● **DATA**:
BEGIN
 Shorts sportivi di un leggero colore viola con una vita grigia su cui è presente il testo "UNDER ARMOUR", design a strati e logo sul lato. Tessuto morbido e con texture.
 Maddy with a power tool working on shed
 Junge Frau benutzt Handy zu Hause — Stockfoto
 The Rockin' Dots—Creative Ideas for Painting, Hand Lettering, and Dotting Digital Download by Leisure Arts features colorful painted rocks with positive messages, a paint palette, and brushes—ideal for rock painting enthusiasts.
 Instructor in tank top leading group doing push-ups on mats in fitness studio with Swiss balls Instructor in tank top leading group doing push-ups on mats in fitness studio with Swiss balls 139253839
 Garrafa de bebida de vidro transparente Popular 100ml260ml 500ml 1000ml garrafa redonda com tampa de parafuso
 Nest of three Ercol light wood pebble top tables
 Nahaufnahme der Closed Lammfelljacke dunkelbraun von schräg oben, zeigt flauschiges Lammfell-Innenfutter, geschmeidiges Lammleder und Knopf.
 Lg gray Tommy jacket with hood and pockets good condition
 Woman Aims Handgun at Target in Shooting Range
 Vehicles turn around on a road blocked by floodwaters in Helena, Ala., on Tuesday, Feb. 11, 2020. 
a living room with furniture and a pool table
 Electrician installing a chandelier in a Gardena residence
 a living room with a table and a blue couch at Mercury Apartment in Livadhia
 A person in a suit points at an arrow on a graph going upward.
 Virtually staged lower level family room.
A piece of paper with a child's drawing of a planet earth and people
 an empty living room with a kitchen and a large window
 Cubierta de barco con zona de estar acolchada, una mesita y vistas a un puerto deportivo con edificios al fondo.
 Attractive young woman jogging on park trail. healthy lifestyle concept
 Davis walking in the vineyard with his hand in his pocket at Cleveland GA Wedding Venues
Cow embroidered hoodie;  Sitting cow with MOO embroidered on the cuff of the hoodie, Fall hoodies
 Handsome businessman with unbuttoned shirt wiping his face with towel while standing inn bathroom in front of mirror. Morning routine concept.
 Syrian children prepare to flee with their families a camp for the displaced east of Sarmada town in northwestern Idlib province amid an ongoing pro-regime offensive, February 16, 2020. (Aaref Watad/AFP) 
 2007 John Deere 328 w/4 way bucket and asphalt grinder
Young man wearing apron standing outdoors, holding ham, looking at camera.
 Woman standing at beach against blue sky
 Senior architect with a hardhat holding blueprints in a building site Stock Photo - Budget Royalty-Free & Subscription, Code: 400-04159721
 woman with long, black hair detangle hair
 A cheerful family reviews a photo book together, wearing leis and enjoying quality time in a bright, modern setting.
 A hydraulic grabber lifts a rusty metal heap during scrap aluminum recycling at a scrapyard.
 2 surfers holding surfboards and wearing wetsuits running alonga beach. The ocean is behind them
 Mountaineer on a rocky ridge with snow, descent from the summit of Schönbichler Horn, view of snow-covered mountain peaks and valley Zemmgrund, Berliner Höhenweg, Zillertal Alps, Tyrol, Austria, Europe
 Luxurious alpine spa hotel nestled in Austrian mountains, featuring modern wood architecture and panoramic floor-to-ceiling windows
END
● **EXERCISE GOAL**: Identify how many lines in the entries above include the string "wood", then state that number alone.

● **OUTPUT**: 2